The “obsolete” hand crank (or “starting handle”) is still a valuable tool for turning an engine over slowly to adjust valves, point gaps, and even to start the engine when all else fails. While hand cranking an engine is not difficult, it is often frustrating and can be dangerous if the following procedures are not followed:
1) Ensure that the dogs on the front of the crankshaft are positioned so that the had crank is near the 6 or 7 o’clock position against the beginning of the engine’s compression (you can easily feel this);
2) Handbrake on, gearbox in neutral;
3) Insert and locate crank nose in the crankshaft dogs;
4) Ignition on;
5) With the handle at 6 – 7 o’clock position (against engine compression), grasp handle with thumb on same side of handle as your hand ( i.e., do not wrap thumb around handle);
6) Pull upward sharply.

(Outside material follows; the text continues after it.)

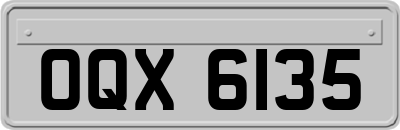 OQX6135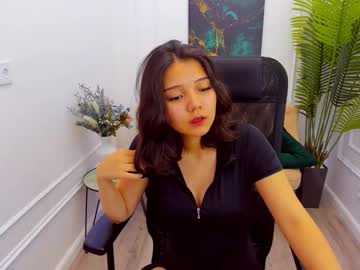 ellievensda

Do not try to push and pull the crank through a full circle.
7) It is often advantageous to retard the distributor timing prior to hand cranking an engine. (This is easily done on most vacuum advance Lucas distributors by means of the adjusting screw on the vacuum advance unit – note the original setting to return to after the engine is started.) Retarding the timing offers two advantages:
1) The engine will start much easier;
2) The possibility of backfire and resultant “kick-back” of the hand crank is minimized.
It is this “kick-back” which results in what previous generations called the “Ford fracture.” otherwise known as a broken wrist. A sure way to break your wrist is to have the engine backfire (actually start running backwards by firing before top dead center) while you are pushing the hand crank down through the “wrong” part of its circle, contrary to instructions and common sense.